# STORED DATA:
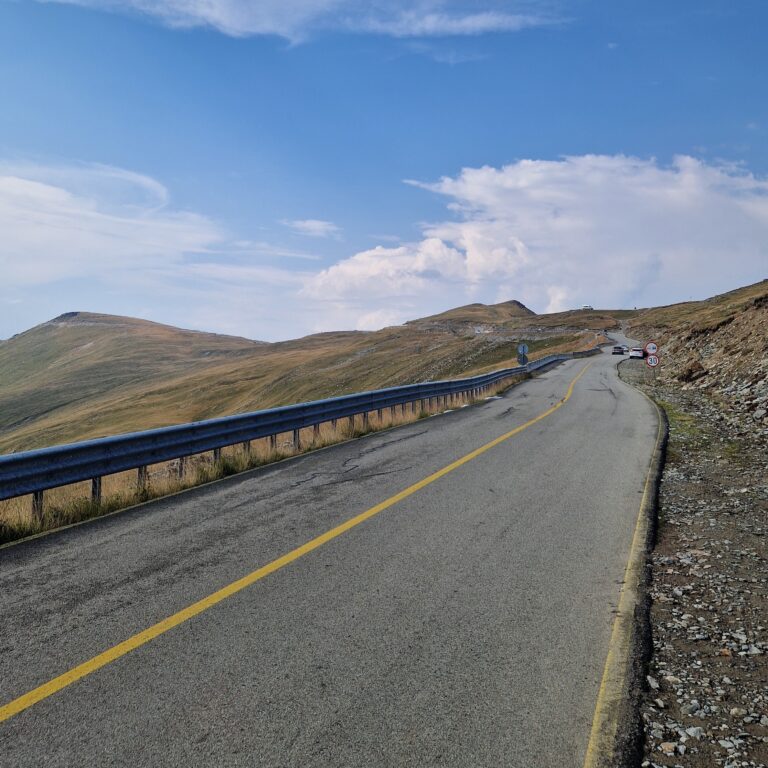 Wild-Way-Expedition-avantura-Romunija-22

---

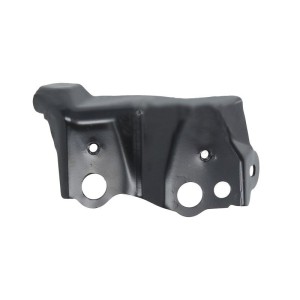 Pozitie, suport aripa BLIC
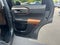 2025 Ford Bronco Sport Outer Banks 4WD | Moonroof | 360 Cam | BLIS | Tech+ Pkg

# DESCRIPTION OF THE TASK:
Exactly the lines above, from the one containing "Pozitie, suport aripa BLIC" down to the one containing "2025 Ford Bronco", are to be repeated, including both ends. Pictures are not part of the copy.

# EXPECTED ANSWER:
 Pozitie, suport aripa BLIC
 2025 Ford Bronco Sport Outer Banks 4WD | Moonroof | 360 Cam | BLIS | Tech+ Pkg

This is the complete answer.